On the other hand, it is well known that counterfeit luxury goods can be found in Chinatown. To be honest, I'm not crazy about this practice (firstly because, of course, it's not legal), but mainly because the products they offer have no guarantee.
During your stroll you will probably be approached by different street vendors with a catalogue (they usually don't carry the products with them to avoid problems with the police) and they will offer you bags, watches, belts and wallets of big brands. If you're expecting to find bargains, you're wrong: a luxury handbag can cost up to $300. That's why I don't recommend you invest your money.
10. Take the opportunity to explore the surrounding area: take a stroll through Tribeca or Little Italy
If you have enough time, I recommend that you take advantage of your walk through Chinatown to get to know the surrounding streets and neighbourhoods: Little Italy. You'll realise you've crossed the "border" between Chinatown and Little Italy when you start to see coffee shops, checkered tablecloths and the delicious smell of freshly made pizza.
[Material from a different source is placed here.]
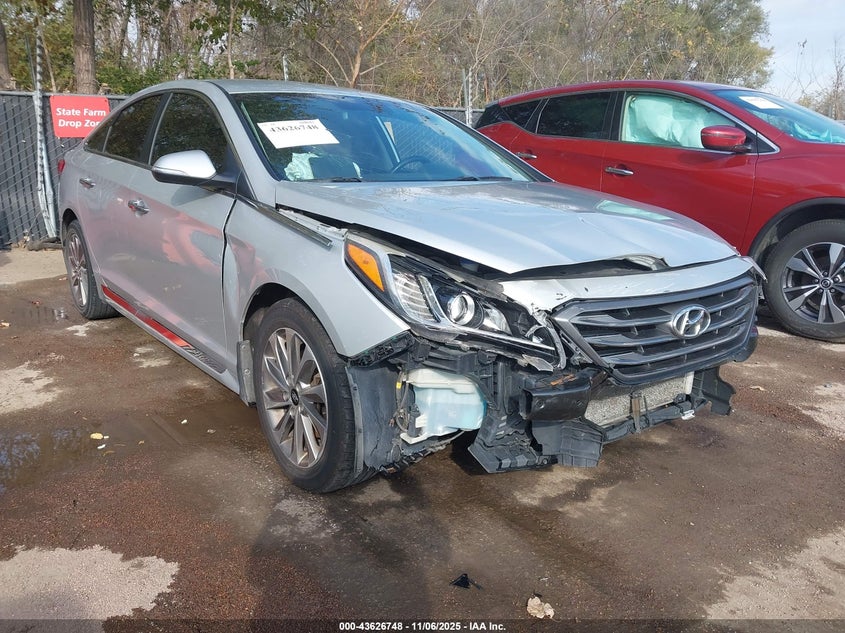 HYUNDAI SONATA SPORT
You'll also find Tribeca: like so many other areas of New York, it started out as an industrial area and later became a bohemian neighbourhood, with buildings that feature the typical emergency staircase on the façade and alternative storefronts and small cafés where you can stop for a break.
You'll also find small art galleries to browse in, and if you happen to stumble across a fire station that looks familiar? That's right! It's the Ghostbusters fire station. New York is full of movie sets and if you want to see the best ones, I'll tell you about them in my article about the best movie and series locations in New York.
Where is Chinatown and how to get there?
Chinatown is located in the southeast of Manhattan. It is surrounded by the Lower East Side (to the east), Tribeca (to the west), Civic Center (to the south) and Little Italy (to the north). However, its borders are blurred as Chinatown has grown so much in recent times that it has almost absorbed Little Italy and much of the Lower East Side.
The easiest way to get to Chinatown is by underground, although it can also be reached by bus.
- Underground: Canal Street stop (6, J, M, Z, N, Q, R and W lines) or Grand Street station (B and D lines).
- Bus: M01, M103 and B51.
How did Chinatown come to be?
Lured by the gold rush, thousands of immigrants from China arrived in the US in the mid-19th century. Most settled in California, but some moved to the East Coast, specifically to New York.
Historically, the Chinese community has been very tightly knit and these immigrants from the beginning sought to settle in areas where their compatriots already lived. The great growth of this New York neighbourhood came in 1960, when the restrictions on immigration, which had been enforced a few decades earlier due to the economic recession of 1873, were no longer so strict and people from Hong Kong and other Cantonese-speaking regions began to arrive.
Chinatown then began to grow and overcrowd until it became a world unto itself within the Big Apple, with its own internal social and cultural organisation. In fact, many of its inhabitants barely speak English despite living in New York. And in a way that is part of its charm- the feeling that you travel from one world to another just by crossing the street. For many, it's a culture shock.
Other "Chinatowns" in New York
If after exploring Manhattan's Chinatown, which is undoubtedly one of the best neighbourhoods in New York, you want to discover more about Chinese culture, you can check out the Chinatowns of Queens and Brooklyn.
Gentrification has displaced many Manhattanites to the other two boroughs of New York. Many people say that the atmosphere here is more genuine than the Lower East Side but, in my opinion, it's just different. It's a matter of taste, really.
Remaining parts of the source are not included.